**To do:** Everything from the line holding "1701 Greenfield Street, Winston-salem, NC" to the last line of the material below must be retyped exactly, minus any pictures.

**The data:**
>>>>

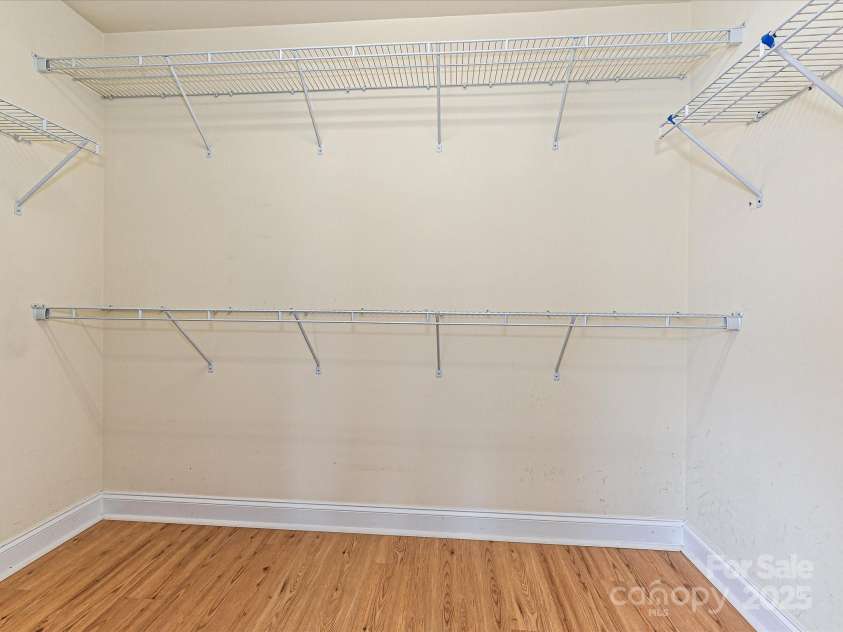 10133 Caldwell Forest Drive, Charlotte, NC 28213.  MLS# CAR4234711, YatesRealty ID 9223. Primary Closet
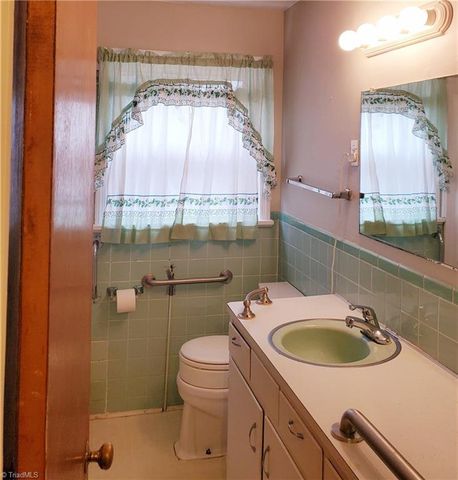 1701 Greenfield Street, Winston-salem, NC 27127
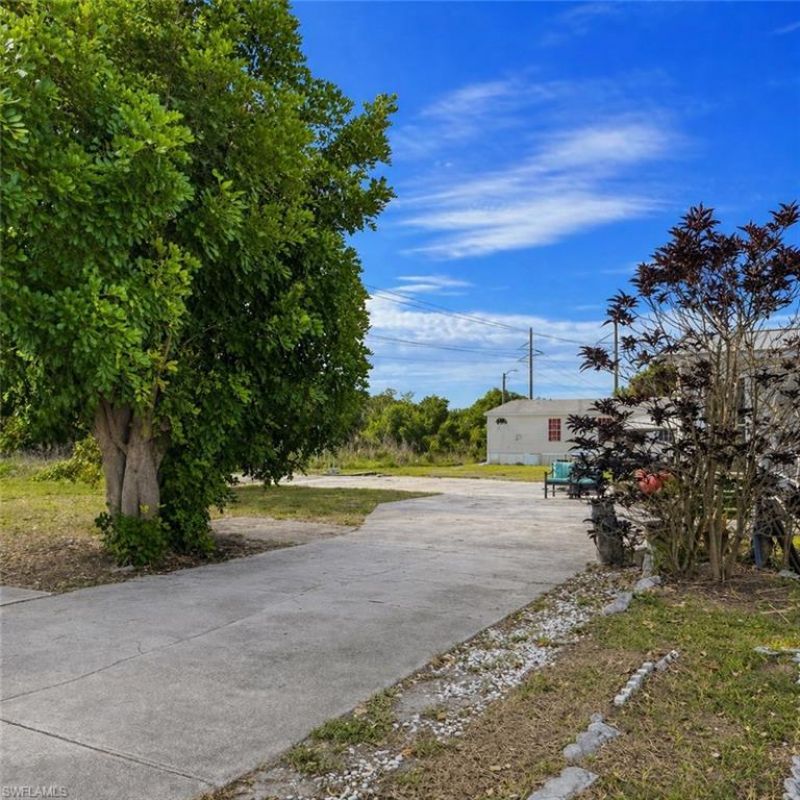 2520 Brownell Ct, North Fort Myers, FL 33917 Photo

<<<<

**Solution to this exercise:**
 1701 Greenfield Street, Winston-salem, NC 27127
 2520 Brownell Ct, North Fort Myers, FL 33917 Photo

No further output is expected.